Lois now lives with her son and Richard White, whom she has not married. Clearly, she loves Superman, but she’s angry that he disappeared without telling her. She is reunited with him when the test flight of a new airliner carrying a commercial version of the shuttle goes awry, and Superman has to save her and the other reporters. The reason the flight has gone awry is that Lex Luthor, released from prison, has found Superman’s Fortress of Solitude, stolen the Krypton crystals and is experimenting with growing Krypton crystals so he can grow his own continent. When the crystal first starts growing, it shuts down the power grid throughout the eastern United States.
Lex Luthor integrates kryptonite into the structure of his emerging continent. This sets up a final confrontation with Superman that involves his passion and perhaps his resurrection.

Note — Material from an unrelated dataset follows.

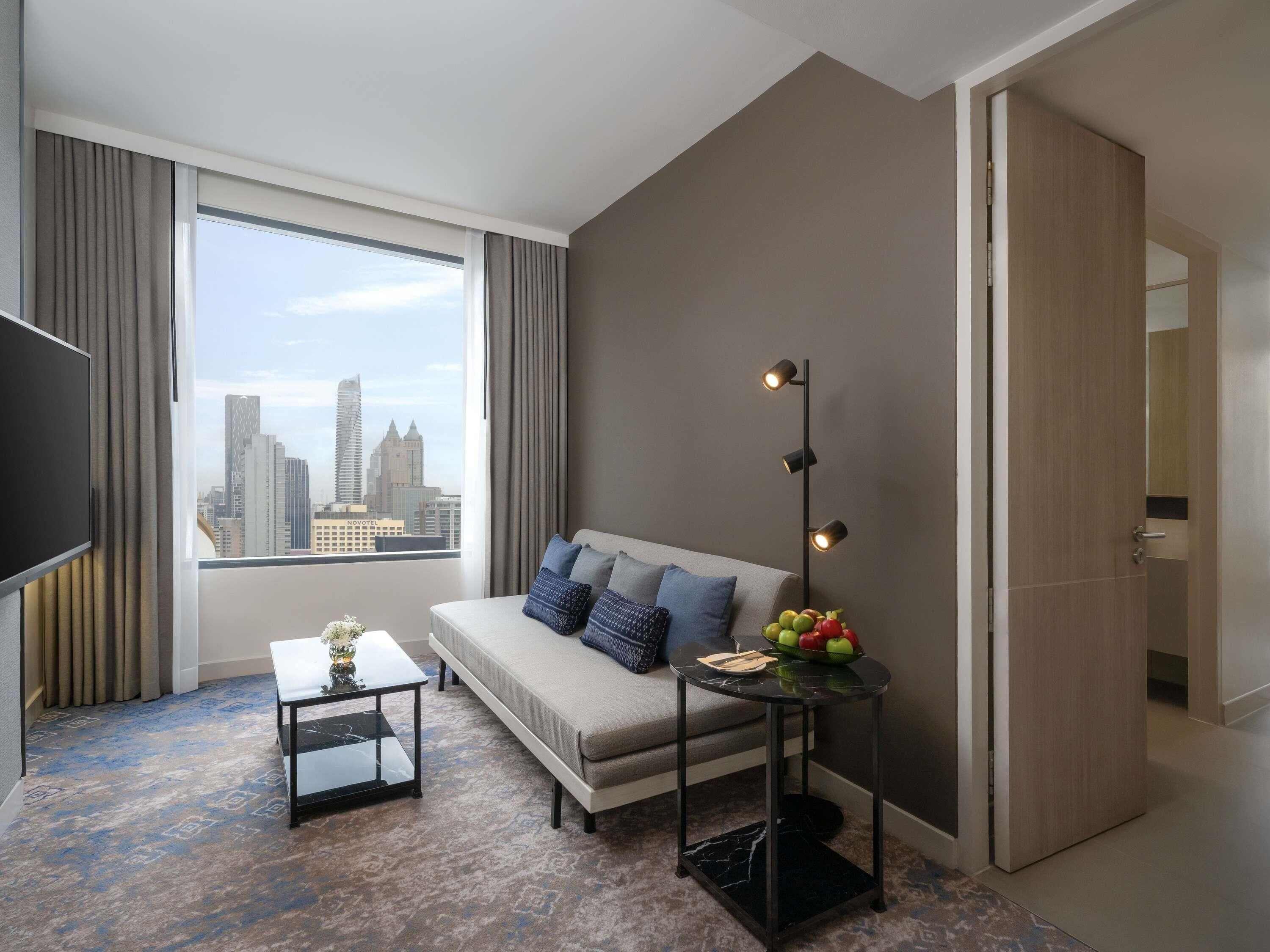 In-room safe, desk, laptop workspace, blackout drapes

“Superman Returns” is a big-budget, entertaining, special-effects movie. Like many such movies, the hero is only as good as the villain, and Kevin Spacey’s performance as Lex Luthor is terrific. Spacey adds a touch of tongue-in-cheek self-awareness that makes his character more interesting. No matter how mean-spirited his jokes are, they are funny.
The new Superman is not Christopher Reeve. He seems a little uncomfortable in places, which can be rationalized because Clark Kent is supposed to be uncomfortable. This reviewer’s biggest complaint is that he looks a little bit like Groucho Marx when he puts on his glasses, but he is well-built and has a degree of innocence.
People will still want to know if Superman is still true blue, honest, trustworthy, etc. For the most part he is, except for the dark cloud of his relationship with Lois Lane and her son. The filmmaker fails to remind us that Superman gave up his powers in “Superman II” so he could spend the night with Lois, before he realized that the consequences of becoming a mere mortal. When he realizes in “Superman II” that he has put the world and Lois in jeopardy, he causes Lois to forget the night of bliss. Strangely, in “Superman Returns,” Superman seems to have forgotten, too.
Even if the major plot device can be explained from a former Superman movie, “Superman Returns” is set in a more contemporary world where Lois Lane is living with a man without the benefit of marriage. Another reviewer said this gives the wrong impression to kids about marriage. Furthermore, Superman gets discouraged and goes to a bar with Jimmy to drink away his pining for Lois.
Also, there are a few lightweight obscenities in the movie and one light profanity. One of Lex Luthor’s twin puppies evidently eats the other in an act of cannibalism. One of Luthor’s henchmen is referenced as being part of a group of clown child abusers. So, when the henchman starts playing the piano next to Lois Lane’s son, there’s a sense of jeopardy. Clearly, things are a little bit more muddled than they were in the 1980s when the earlier Superman movies were made.
Even so, Superman is clearly a person who sacrifices himself for others. His father has sent his only begotten son to save this crazy, mixed-up world. With honor, valor, loyalty, and honesty, he does just that.
“Superman Returns,” rated PG-13, delivers the kind of jeopardy, danger and excitement required for a big-budget action movie. The premise is clear, and the special effects are beautifully executed. The director sometimes avoids showing the action sequence to concentrate on the dramatic relationships, so some people may miss the action of the first Superman movies. Overall, “Superman Returns” is a good entertainment value that will cause a lot of theological discussions, but MOVIEGUIDE? urges caution for children 12 and under.